Cat came up with the idea for the Piccolo brand of Med-inspired organic baby foods back in 2014 after founding a charity, the Food Education Foundation, which works alongside the National Childbirth Trust (NCT) to promote healthy eating for families through advice, workshops and events. “It was while talking to parents through the charity about their anxieties around introducing solid foods that the seed of an idea for Piccolo began to grow,” she explains. Cat was a new mum at the time and had already started to notice that there were limited choices when it came to widely available organic, natural baby foods. She sensed an opportunity.

Combining passions

“A lot of my life revolves around food—and, of course, my daughter,” says Cat, who herself grew up helping out at her family’s grocery store in northern Italy. “To be able to combine two of my great loves to create a business was incredibly exciting.” Italian roots had given Cat a lifelong love of cooking, sharing and eating good food, based on an ethos of fresh, colourful produce, combined with some pasta, pulses and a little quality meat. “I knew I could create something that offered more choice in flavours, that would help to expand a child’s taste buds.”

But while Cat had always dreamed of running her own business, she had never created a brand before. Nevertheless, having worked in food education for the United Nations before supporting local producers as Chief Executive of Slow Food UK, she had built a strong industry network that proved to be invaluable when launching the Piccolo brand. “The fact that I wasn’t a complete stranger to the food world made coming back and knocking on doors with a new product much easier,” Cat admits. An early supporter and angel investor was food campaigner Prue Leith, who immediately saw the potential in Cat’s vision.

Giving back

The vision was about far more than simply creating a profitable business. “I wanted to bring people back around the kitchen table and create a brand that gives back to food education,” explains Cat. “I’m obsessed with good, fair food; I could never create something purely for profit.
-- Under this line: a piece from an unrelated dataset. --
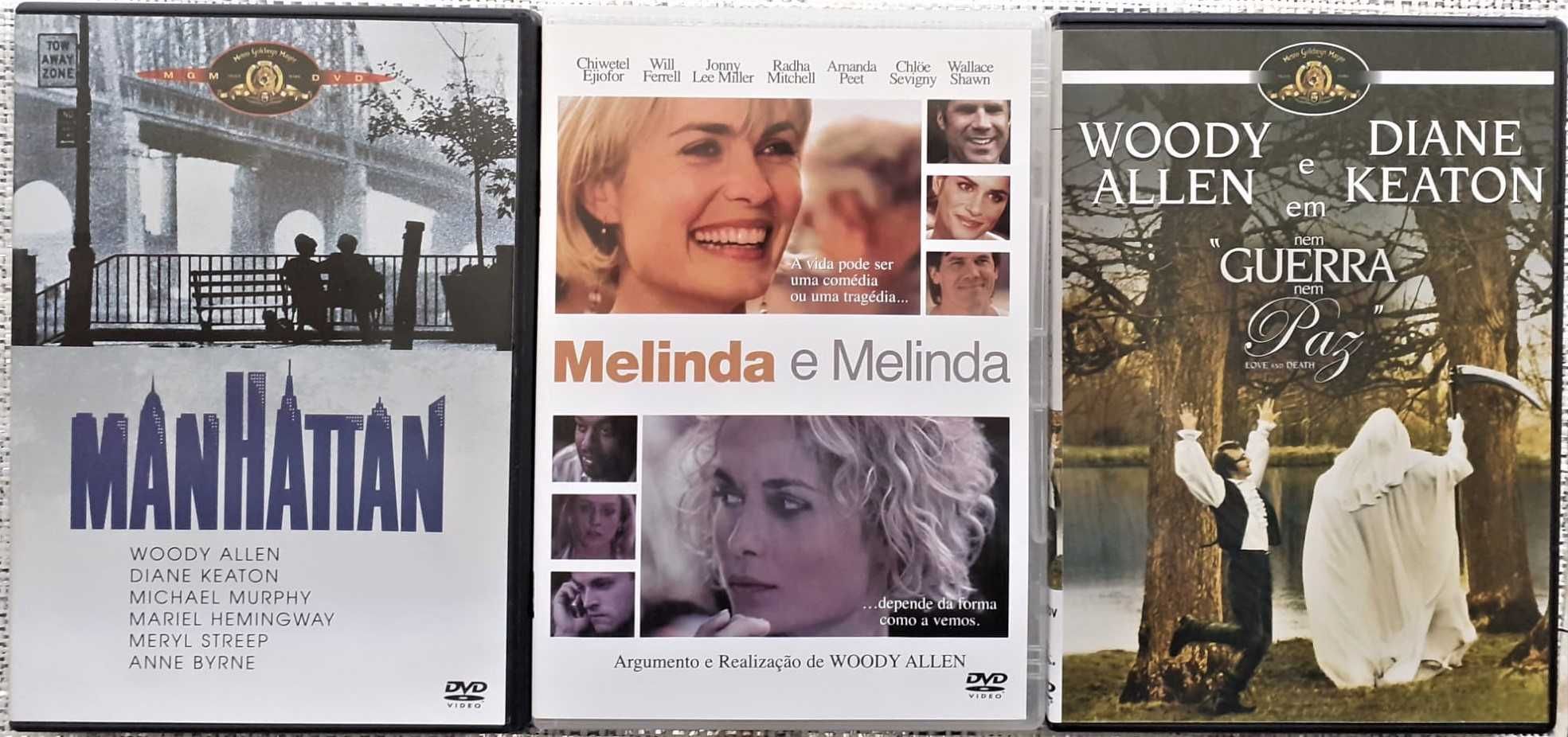 Woody Allen - 25 DVDs - RAROS - MUITO BOM ESTADO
It’s about so much more than that.” Built into Piccolo’s business model is a promise that 10% of profits go to food education initiatives.

The Piccolo range of organic fruit and vegetable based purées hit the shelves in April 2016. Since then, big names like Asda, Waitrose, Whole Foods Market, Planet Organic and Abel & Cole have gone on to stock Piccolo products in their stores around the UK. Fuelling the brand’s growing popularity is Cat’s ability to hit the right note with parents. She has forged strong partnerships with influential groups like Water Babies (which runs parent-and-baby swimming groups around the UK) and the National Childbirth Trust. These partnerships give Piccolo an invaluable platform from which to keep listening to parents and responding to their needs.

Connecting with parents

Having launched Slow Food UK’s social media channels from scratch, Cat also knew that Facebook would be an important way for her brand to engage parents. She’s found new ways to connect, too. “With Piccolo being such a creative style of brand, I have fallen in love with Instagram’s striking visual cues and the way we can build a design narrative that’s true to us with images,” she says. “It’s like weaving a tapestry with our Piccolo mums and dads, who share their images, too.”

Reflecting on a big year that’s seen rapid market success, Cat admits that her learning curve has been a steep one. “As a founder, you get pulled in so many different directions,” she says. “Things move fast and there are big decisions to be made. I’ve missed out because of not having had the right advice before now. It’s the times when I’ve not asked for help that I regret the most—now I always make time to ask.”